Provided data.
>>>
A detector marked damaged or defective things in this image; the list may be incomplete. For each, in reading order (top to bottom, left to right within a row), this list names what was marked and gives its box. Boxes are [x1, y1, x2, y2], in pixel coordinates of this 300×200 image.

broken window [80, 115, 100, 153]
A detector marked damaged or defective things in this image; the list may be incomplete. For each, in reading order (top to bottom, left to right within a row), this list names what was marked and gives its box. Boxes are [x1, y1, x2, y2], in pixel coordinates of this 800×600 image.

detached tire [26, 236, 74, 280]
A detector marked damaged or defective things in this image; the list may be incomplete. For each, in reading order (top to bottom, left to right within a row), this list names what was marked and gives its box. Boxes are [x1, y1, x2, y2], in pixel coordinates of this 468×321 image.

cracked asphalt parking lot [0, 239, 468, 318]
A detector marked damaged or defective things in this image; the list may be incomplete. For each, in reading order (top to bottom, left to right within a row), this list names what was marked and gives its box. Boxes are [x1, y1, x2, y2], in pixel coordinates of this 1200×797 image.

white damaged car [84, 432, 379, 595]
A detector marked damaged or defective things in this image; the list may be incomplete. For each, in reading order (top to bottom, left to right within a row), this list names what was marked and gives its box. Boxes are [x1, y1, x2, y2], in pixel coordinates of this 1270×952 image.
<<<
>>>
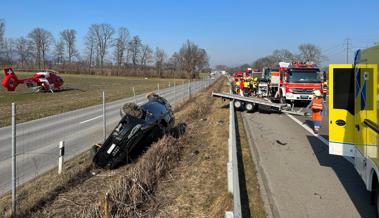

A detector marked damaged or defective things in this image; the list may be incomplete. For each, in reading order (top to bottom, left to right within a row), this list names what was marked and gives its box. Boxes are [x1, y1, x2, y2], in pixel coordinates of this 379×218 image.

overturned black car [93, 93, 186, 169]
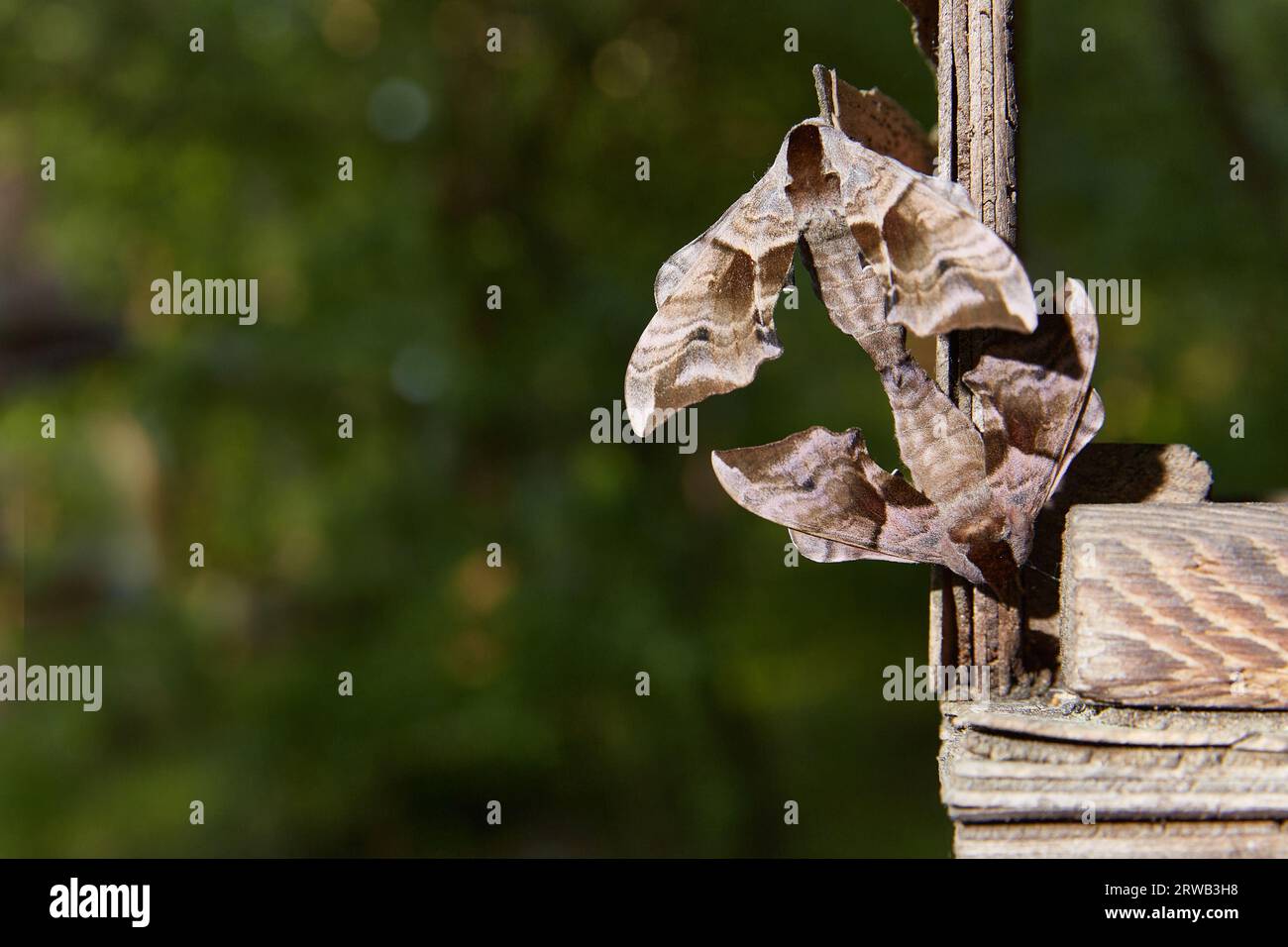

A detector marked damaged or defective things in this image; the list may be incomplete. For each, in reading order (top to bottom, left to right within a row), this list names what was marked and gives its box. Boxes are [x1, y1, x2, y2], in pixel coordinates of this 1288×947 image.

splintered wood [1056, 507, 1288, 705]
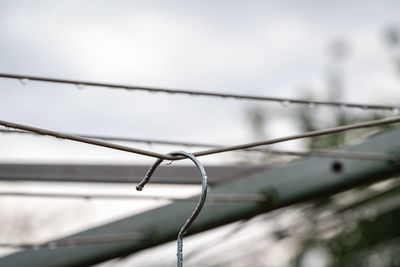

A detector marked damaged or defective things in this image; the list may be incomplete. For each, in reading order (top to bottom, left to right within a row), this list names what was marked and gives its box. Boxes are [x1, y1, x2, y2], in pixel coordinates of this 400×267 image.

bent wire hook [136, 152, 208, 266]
<<<
Task details. Everything from the line containing "this 468×321 image." through the line containing "this 1270×952 image." in the material above should be retyped exactly, both ends included, and nothing more.

Answer space.
A detector marked damaged or defective things in this image; the list may be incomplete. For each, in reading order (top to bottom, left to right within a row), this list names what was marked and gives its box. Boxes are [x1, y1, x2, y2], in pixel coordinates of this 468×321 image.

cracked asphalt parking lot [0, 239, 468, 318]
A detector marked damaged or defective things in this image; the list may be incomplete. For each, in reading order (top to bottom, left to right within a row), this list names what was marked and gives its box. Boxes are [x1, y1, x2, y2], in pixel coordinates of this 1200×797 image.

white damaged car [84, 432, 379, 595]
A detector marked damaged or defective things in this image; the list may be incomplete. For each, in reading order (top to bottom, left to right within a row), this list names what was marked and gives its box. Boxes are [x1, y1, x2, y2], in pixel coordinates of this 1270×952 image.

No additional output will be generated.